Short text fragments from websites
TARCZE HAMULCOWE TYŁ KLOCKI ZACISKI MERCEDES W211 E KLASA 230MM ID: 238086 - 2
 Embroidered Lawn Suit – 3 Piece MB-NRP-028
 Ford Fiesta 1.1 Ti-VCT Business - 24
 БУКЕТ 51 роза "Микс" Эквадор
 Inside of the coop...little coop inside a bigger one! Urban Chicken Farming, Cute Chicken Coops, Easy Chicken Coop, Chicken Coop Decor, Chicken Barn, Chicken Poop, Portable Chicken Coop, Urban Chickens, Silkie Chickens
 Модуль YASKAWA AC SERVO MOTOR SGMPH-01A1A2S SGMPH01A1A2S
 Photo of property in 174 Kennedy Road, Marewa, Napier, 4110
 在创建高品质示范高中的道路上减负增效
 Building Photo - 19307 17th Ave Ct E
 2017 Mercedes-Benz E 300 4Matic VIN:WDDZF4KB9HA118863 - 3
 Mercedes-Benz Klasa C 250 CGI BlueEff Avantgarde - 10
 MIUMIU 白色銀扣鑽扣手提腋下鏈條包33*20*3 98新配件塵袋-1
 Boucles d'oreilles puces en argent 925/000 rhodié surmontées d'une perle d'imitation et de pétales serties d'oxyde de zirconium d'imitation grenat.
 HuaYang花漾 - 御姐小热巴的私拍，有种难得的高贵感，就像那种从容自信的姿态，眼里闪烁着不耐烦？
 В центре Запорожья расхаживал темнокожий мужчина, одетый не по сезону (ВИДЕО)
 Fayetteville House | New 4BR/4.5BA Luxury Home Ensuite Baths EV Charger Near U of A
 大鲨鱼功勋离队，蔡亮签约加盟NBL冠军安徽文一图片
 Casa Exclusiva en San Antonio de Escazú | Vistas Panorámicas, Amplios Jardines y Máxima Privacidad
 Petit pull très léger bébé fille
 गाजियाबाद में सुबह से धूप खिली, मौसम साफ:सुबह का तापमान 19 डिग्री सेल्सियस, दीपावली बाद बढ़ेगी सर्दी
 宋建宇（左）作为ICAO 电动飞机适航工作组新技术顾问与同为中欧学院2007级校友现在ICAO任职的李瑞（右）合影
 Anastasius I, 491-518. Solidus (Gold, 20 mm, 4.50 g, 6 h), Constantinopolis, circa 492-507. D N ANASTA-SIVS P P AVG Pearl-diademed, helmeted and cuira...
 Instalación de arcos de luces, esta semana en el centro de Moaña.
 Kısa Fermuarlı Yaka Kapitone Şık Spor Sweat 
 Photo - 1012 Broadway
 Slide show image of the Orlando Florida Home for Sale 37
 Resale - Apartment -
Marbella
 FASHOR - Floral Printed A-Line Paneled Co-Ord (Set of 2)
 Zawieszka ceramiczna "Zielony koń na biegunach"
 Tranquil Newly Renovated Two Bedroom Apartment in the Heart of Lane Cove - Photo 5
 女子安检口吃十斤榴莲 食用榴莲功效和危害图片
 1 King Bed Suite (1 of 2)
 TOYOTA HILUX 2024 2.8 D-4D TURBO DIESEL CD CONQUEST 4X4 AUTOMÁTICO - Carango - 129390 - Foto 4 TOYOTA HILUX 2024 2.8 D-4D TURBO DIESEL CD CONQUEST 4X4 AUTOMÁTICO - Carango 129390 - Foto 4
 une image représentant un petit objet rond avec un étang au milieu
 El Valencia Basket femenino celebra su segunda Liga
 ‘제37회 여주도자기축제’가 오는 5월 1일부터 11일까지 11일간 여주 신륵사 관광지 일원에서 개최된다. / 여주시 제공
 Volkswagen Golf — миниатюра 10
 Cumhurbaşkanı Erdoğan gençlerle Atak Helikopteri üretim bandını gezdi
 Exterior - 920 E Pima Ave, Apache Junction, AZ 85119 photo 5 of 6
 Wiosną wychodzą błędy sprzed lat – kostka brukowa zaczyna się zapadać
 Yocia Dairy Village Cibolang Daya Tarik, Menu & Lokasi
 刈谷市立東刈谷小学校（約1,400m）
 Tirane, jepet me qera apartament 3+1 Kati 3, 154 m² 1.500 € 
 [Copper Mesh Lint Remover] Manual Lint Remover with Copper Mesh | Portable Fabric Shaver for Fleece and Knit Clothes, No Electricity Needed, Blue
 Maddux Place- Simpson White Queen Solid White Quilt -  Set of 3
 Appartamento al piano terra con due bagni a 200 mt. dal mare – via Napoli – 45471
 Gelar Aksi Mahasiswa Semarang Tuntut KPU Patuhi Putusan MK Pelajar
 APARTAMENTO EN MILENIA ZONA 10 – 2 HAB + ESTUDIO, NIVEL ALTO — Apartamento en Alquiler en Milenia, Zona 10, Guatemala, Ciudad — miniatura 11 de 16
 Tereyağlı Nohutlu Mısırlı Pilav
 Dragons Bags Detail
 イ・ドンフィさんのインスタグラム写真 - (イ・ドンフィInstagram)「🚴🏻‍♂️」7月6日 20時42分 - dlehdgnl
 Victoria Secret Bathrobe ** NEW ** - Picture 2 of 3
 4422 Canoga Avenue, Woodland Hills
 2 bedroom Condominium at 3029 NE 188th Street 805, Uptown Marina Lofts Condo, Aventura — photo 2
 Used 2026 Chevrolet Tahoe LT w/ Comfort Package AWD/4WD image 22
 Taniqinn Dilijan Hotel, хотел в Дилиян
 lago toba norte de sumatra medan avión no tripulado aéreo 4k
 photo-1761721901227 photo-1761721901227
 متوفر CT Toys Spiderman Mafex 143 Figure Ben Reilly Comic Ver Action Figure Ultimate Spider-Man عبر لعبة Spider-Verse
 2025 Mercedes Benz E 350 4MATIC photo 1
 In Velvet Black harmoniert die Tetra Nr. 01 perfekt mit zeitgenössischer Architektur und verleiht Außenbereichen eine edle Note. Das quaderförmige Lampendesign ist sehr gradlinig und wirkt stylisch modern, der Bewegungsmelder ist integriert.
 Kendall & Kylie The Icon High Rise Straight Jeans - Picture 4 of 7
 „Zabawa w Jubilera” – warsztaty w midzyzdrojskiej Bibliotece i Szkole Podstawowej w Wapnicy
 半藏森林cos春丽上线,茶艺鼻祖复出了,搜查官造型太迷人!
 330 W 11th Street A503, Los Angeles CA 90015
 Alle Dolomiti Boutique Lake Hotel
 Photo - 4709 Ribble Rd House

• **Problem**
Across the records above, show each line containing the word "image".

• **Written reply**
 Slide show image of the Orlando Florida Home for Sale 37
 une image représentant un petit objet rond avec un étang au milieu
 Used 2026 Chevrolet Tahoe LT w/ Comfort Package AWD/4WD image 22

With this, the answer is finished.